--- Records to process ---
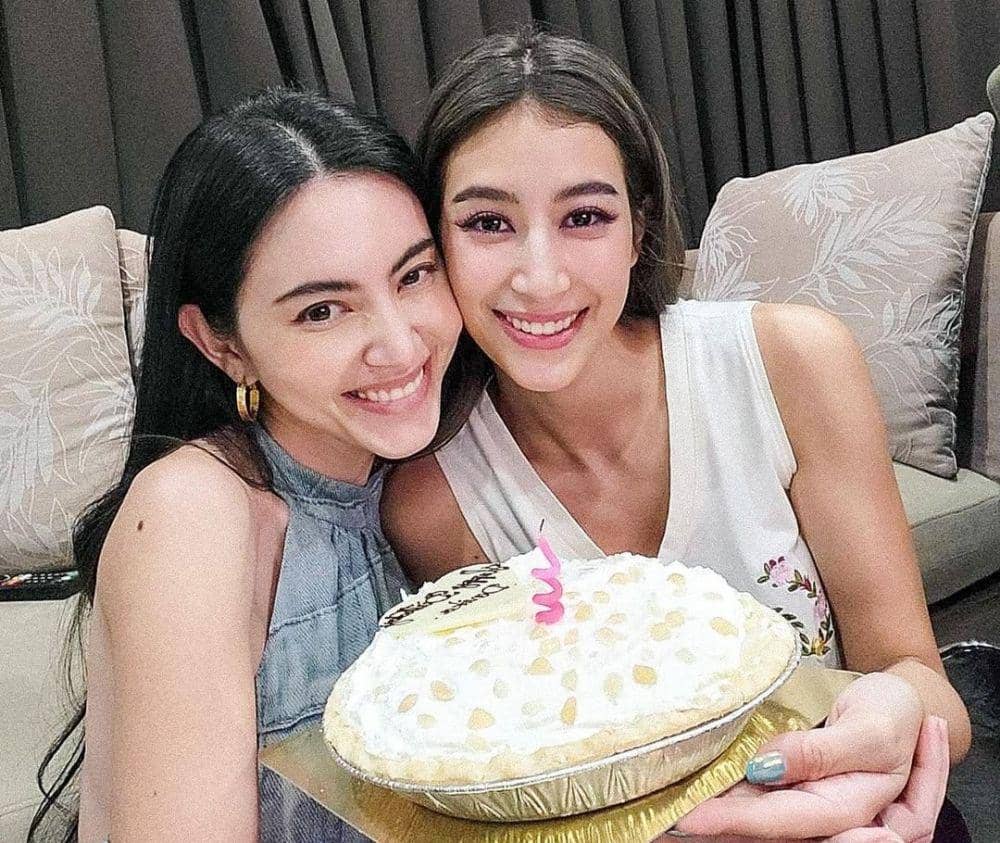 potret persahabatan Davika Hoorne dan Mint Chalida (instagram.com/mint_chalida)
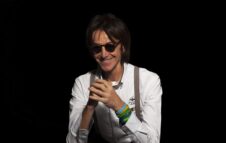 Alberto Fortis in concerto all'Auditorium Parco della Musica di Roma nel 2025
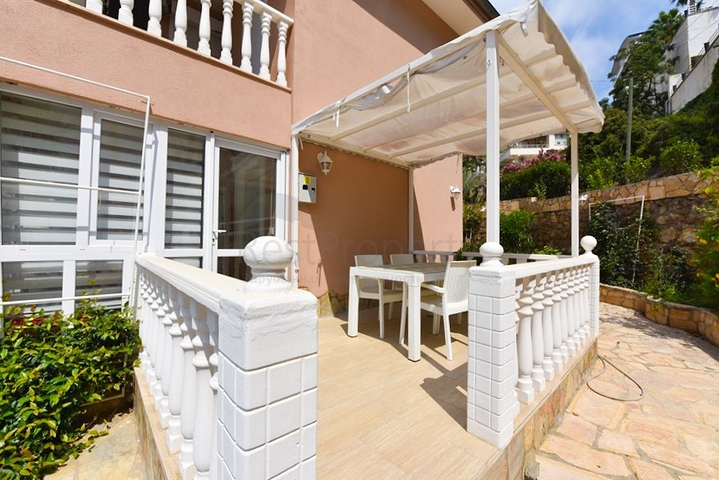 Stadthaus 2+1 600 m vom Meer entfernt im Stadtteil Kargicak Stadthaus 2+1 600 m vom Meer entfernt im Stadtteil Kargicak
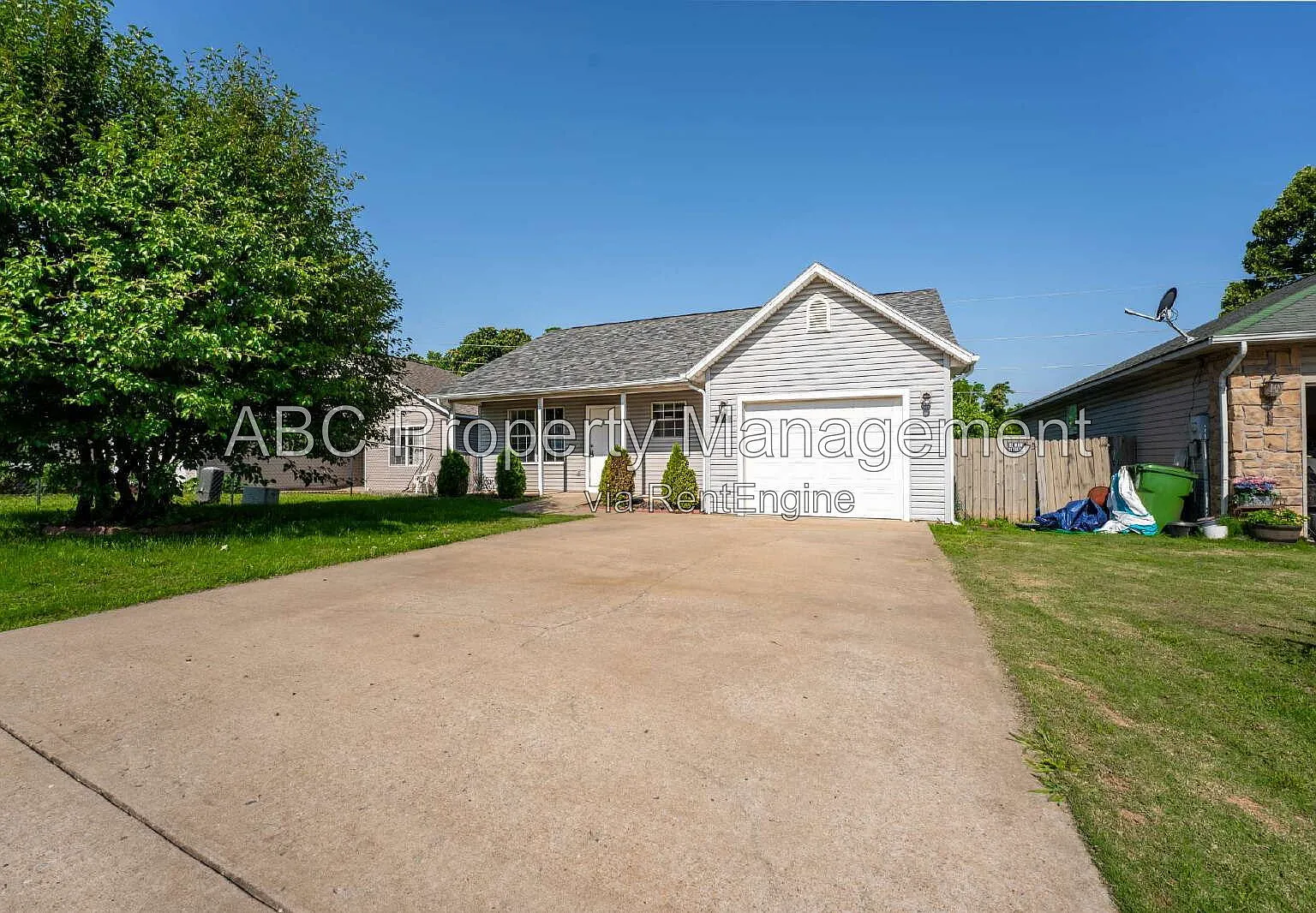3 bed, 1.5 bath, 1200 sqft, $1,500 — Photo 1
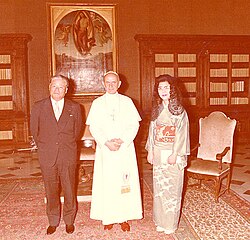 Pope Paul VI meeting with Japanese Foreign Minister Ōhira Masayoshi and his wife in September 1973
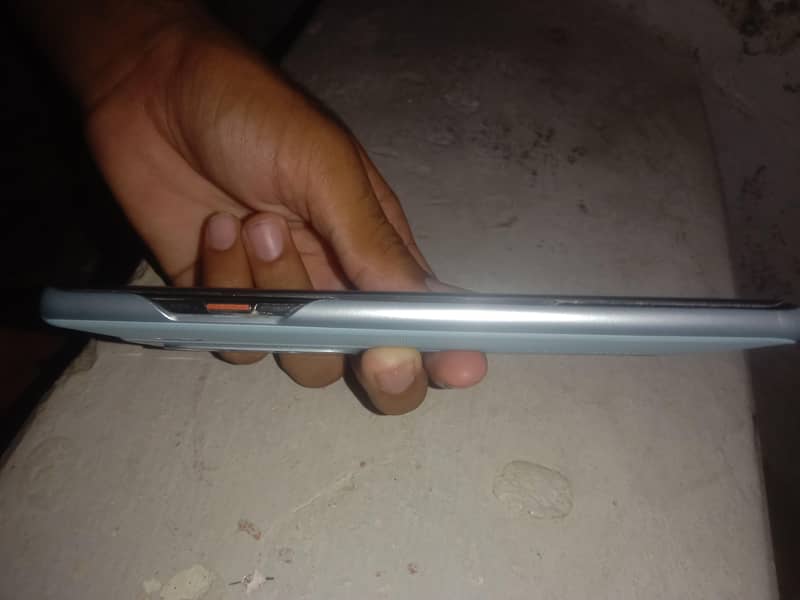 Tecno CAMON 40 Pro 4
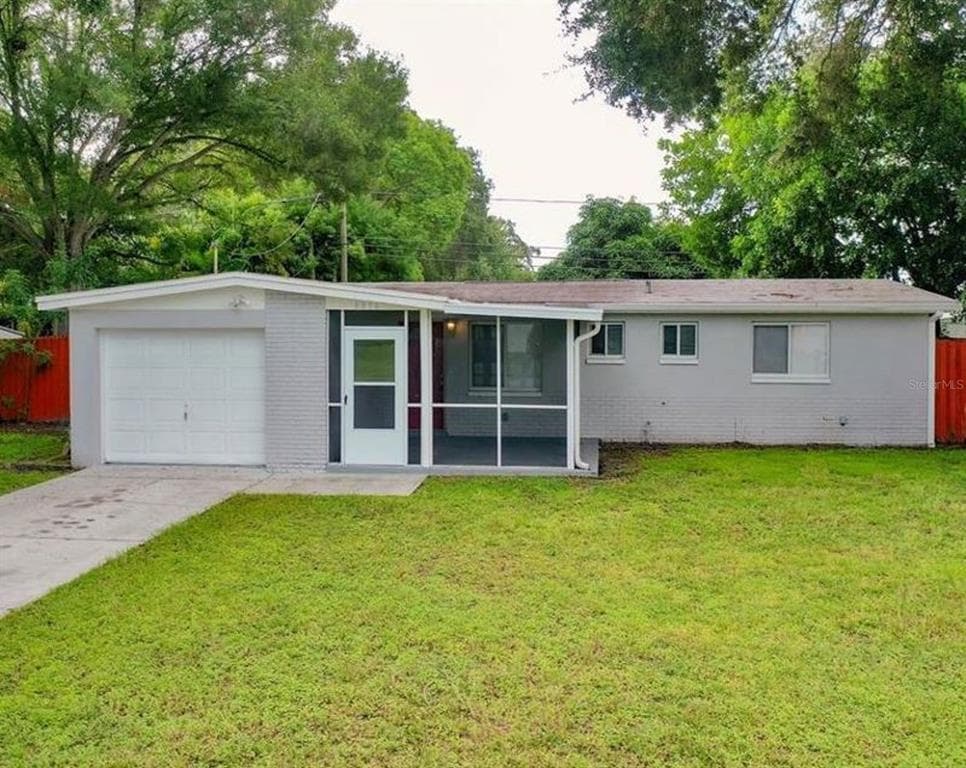 8836 79TH PLACE SEMINOLE, FL 33777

--- Brief ---
Write the lines above out again exactly, excluding every picture.

--- Exercise answer ---
 potret persahabatan Davika Hoorne dan Mint Chalida (instagram.com/mint_chalida)
 Alberto Fortis in concerto all'Auditorium Parco della Musica di Roma nel 2025
 Stadthaus 2+1 600 m vom Meer entfernt im Stadtteil Kargicak Stadthaus 2+1 600 m vom Meer entfernt im Stadtteil Kargicak
3 bed, 1.5 bath, 1200 sqft, $1,500 — Photo 1
 Pope Paul VI meeting with Japanese Foreign Minister Ōhira Masayoshi and his wife in September 1973
 Tecno CAMON 40 Pro 4
 8836 79TH PLACE SEMINOLE, FL 33777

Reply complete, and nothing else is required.